Salomé Lelouch précise que « ce que les personnages affirment dans leurs répliques ne correspond pas à leurs pensées ; parfois c’est inversé et parfois ils ne le pensent ni l’un ni l’autre, avec toutefois une capacité à monter rapidement dans les tours et à redescendre tout aussi vite ».

Un judicieux casting du metteur en scène, l’incomparable Alain Leempoel, qui va mettre à sa sauce la pièce originale (jouée à la base par un seul couple) en « mettant en avant le couple sous toutes ses formes ». Formidable !

« Politiquement correct » (nomination aux Molières en 2017), « Ce jour-là », « Qu’est-ce qu’on attend », « Justice », etc., sont autant de créations de celle qui dirige depuis 2018 le Ciné 13 théâtre (rebaptisé Théâtre Lepic). Lelouch pousse tout un chacun jusqu’à la réflexion politique (une passion), défend la liberté d’expression, et bien au-delà, puisque nombreuses sont les très belles causes pour lesquelles se bat l’artiste.

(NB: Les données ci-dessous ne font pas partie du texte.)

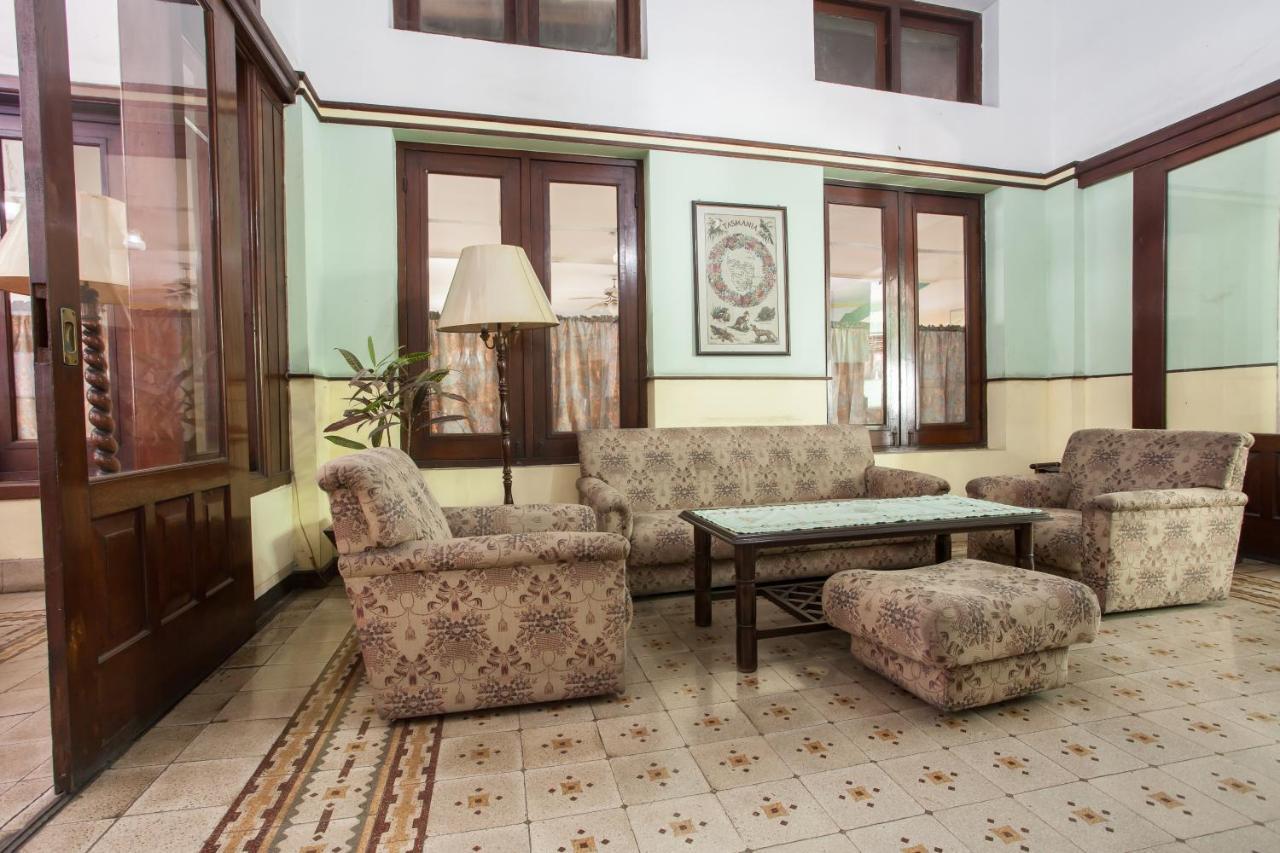 Reddoorz Near Balai Kota Malang Hotel Kültér fotó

Un clin d’œil à l’excellente équipe créatrice du décor (modulable, esthétique, lumineux, fabuleux), des lumières (des jeux de couleurs illustrant les scènes de vie), des sons, de la musique et des costumes (tout en élégance) (*). Simples, beaux, parfaits tels « les tableaux » voulus par l’autrice Salomé Lelouch, l’ensemble contribue à apprécier plus encore ce spectacle haut en couleurs.

« Fallait pas le dire » (nombreuses nominations aux Molières en 2022), absolument tout le monde s’y reconnaîtra à coup sûr !

À découvrir sans plus tarder jusqu’au 3 mars 2024 (et certainement là où il se jouera à nouveau) dans ce très beau théâtre Royal des Galeries à Bruxelles. J’y cours !

Julia Garlito Y Romo

(*) Distribution : Texte: Salomé Lelouch; comédien-ne-s: Catherine Conet ; Alain Leempoel, Hélène Theunissen et Bernard Yerlès mise en scène: Alain Leempoel; décor et scénographie : Noémie Vanheste; lumières: Laurent Comiant; costumes: Chandra Vellut et assistante: Mathilde Bourguet; décor sonore: Laurent Beumier; peiontyure et décor: Anais Thomas; directeur tehcnique: Félicien Van Kriekinge; régie: Corentin Van Kriekinge et Lou Provendal; construction du décor: Stéphane Devolver; Vigen Oganov; Cédric Kotulski; Inti Renard; alexia Janssens; Laurent Notte; habilleuse: Fabienne Miessen.

Une réflexion au sujet de « « FALLAIT PAS LE DIRE », TOUT HAUT »

  1. Excellent critique, très bien structuré,et très bien présenté.

    La rédaction nous amène à l’intérieur de la scène et nous invite à vérifier avec notre présence l’histoire de nous jours.